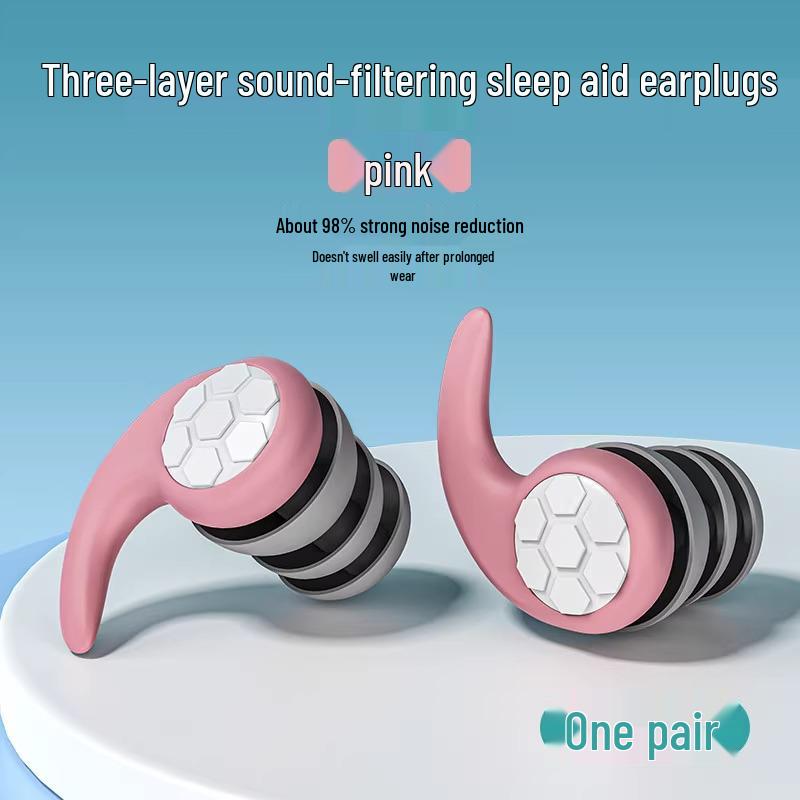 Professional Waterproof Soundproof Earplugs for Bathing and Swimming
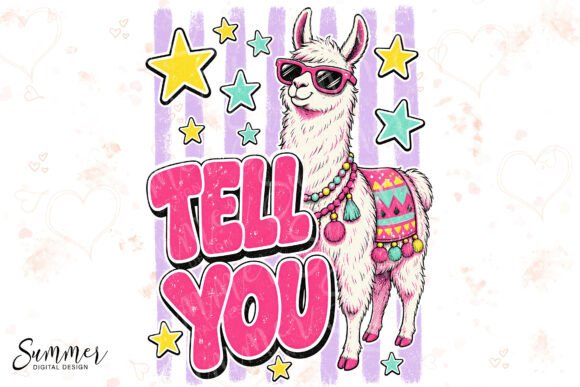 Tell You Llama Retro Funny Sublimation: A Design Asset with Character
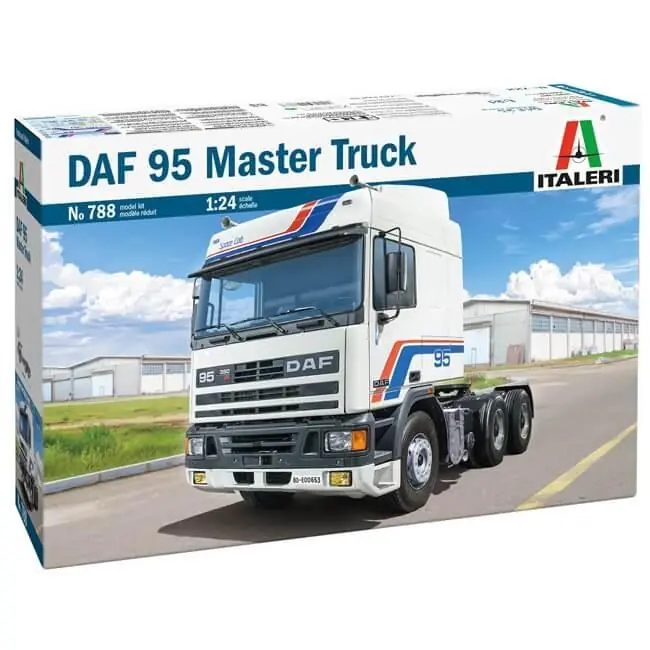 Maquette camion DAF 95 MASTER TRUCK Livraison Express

...

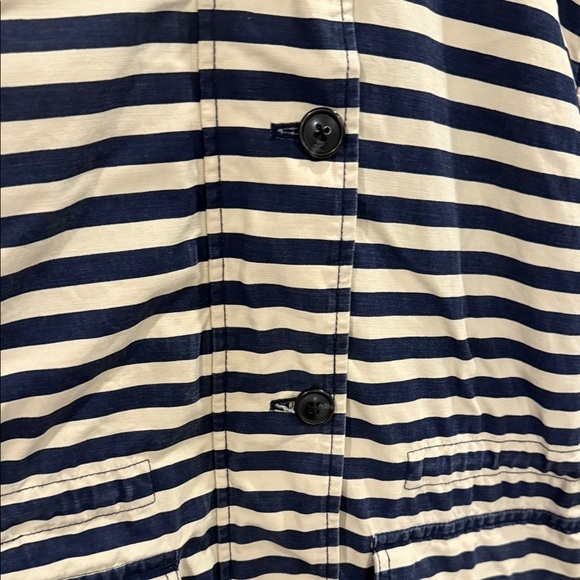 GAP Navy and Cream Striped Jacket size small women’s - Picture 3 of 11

* **Activity**:
Using the data above, output the line that has "Tell You Llama", the line that has "Maquette camion DAF", and whatever lines fall between, each exactly as it stands and without pictures.

* **Reply**:
 Tell You Llama Retro Funny Sublimation: A Design Asset with Character
 Maquette camion DAF 95 MASTER TRUCK Livraison Express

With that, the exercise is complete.